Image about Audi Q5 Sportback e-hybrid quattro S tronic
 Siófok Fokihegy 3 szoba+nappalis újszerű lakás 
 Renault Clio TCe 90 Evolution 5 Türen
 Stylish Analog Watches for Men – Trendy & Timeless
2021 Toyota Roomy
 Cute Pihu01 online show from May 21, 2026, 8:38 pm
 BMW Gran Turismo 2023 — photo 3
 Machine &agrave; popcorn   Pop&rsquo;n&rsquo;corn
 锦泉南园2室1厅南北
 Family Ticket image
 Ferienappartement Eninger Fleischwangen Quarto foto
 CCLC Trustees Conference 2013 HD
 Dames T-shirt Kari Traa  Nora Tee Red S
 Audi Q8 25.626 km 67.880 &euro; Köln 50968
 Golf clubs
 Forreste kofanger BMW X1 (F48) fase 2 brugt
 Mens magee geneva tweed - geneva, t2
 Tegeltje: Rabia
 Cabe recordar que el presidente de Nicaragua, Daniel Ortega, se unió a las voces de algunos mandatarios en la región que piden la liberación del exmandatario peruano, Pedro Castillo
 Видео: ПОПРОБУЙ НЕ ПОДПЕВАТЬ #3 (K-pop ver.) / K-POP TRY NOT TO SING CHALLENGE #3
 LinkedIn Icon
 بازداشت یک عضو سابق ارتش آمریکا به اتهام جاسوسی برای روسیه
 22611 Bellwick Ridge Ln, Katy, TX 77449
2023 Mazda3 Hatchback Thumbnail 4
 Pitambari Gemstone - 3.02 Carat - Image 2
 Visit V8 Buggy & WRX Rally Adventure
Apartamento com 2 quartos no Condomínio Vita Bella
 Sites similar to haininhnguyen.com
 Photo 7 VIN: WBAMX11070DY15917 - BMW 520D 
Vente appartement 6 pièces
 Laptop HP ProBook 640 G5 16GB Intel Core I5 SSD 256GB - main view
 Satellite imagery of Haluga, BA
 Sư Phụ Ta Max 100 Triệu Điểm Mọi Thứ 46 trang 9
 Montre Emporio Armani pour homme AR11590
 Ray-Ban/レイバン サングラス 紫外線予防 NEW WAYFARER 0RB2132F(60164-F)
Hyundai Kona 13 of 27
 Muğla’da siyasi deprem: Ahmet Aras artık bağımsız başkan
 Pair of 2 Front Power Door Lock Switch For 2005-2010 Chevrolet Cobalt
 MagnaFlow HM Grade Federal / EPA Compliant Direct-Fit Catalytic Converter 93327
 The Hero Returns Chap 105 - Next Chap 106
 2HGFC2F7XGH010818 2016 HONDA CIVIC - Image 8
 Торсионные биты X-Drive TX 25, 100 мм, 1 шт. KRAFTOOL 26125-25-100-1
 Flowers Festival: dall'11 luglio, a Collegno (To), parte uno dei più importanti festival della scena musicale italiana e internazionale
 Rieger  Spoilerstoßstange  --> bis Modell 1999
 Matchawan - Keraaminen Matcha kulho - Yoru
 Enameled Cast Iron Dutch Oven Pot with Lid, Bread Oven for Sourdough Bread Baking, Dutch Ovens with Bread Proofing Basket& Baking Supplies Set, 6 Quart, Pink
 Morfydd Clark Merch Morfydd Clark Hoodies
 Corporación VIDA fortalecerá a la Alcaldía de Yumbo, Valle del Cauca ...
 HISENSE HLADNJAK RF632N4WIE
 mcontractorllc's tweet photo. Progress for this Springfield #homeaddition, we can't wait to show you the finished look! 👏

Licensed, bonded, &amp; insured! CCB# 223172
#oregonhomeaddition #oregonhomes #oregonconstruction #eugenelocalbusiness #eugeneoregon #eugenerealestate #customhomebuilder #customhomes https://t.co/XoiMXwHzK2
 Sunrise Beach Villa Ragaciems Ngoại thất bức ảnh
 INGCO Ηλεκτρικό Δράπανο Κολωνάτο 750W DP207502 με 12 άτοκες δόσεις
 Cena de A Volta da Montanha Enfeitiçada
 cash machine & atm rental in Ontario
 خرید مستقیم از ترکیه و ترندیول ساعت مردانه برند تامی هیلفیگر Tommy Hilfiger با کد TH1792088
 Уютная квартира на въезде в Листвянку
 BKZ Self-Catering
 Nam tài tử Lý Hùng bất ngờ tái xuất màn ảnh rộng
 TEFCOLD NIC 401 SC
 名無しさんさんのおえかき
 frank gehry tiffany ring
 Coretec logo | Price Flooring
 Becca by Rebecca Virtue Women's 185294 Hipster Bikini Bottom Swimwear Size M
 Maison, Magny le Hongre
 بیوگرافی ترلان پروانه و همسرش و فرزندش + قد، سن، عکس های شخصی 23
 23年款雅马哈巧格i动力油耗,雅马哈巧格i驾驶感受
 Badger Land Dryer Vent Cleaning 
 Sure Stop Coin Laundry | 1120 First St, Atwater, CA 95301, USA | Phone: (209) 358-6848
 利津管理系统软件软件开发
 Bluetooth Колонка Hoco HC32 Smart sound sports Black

○ ○ ○ ○

REQUIRED WORK:
Wherever the line holding "Pair of 2 Front" falls in the entries above, copy exactly from it through the line holding "Matchawan - Keraaminen Matcha kulho - Yoru", inclusive, and add nothing.

EXPECTED ANSWER:
 Pair of 2 Front Power Door Lock Switch For 2005-2010 Chevrolet Cobalt
 MagnaFlow HM Grade Federal / EPA Compliant Direct-Fit Catalytic Converter 93327
 The Hero Returns Chap 105 - Next Chap 106
 2HGFC2F7XGH010818 2016 HONDA CIVIC - Image 8
 Торсионные биты X-Drive TX 25, 100 мм, 1 шт. KRAFTOOL 26125-25-100-1
 Flowers Festival: dall'11 luglio, a Collegno (To), parte uno dei più importanti festival della scena musicale italiana e internazionale
 Rieger  Spoilerstoßstange  --> bis Modell 1999
 Matchawan - Keraaminen Matcha kulho - Yoru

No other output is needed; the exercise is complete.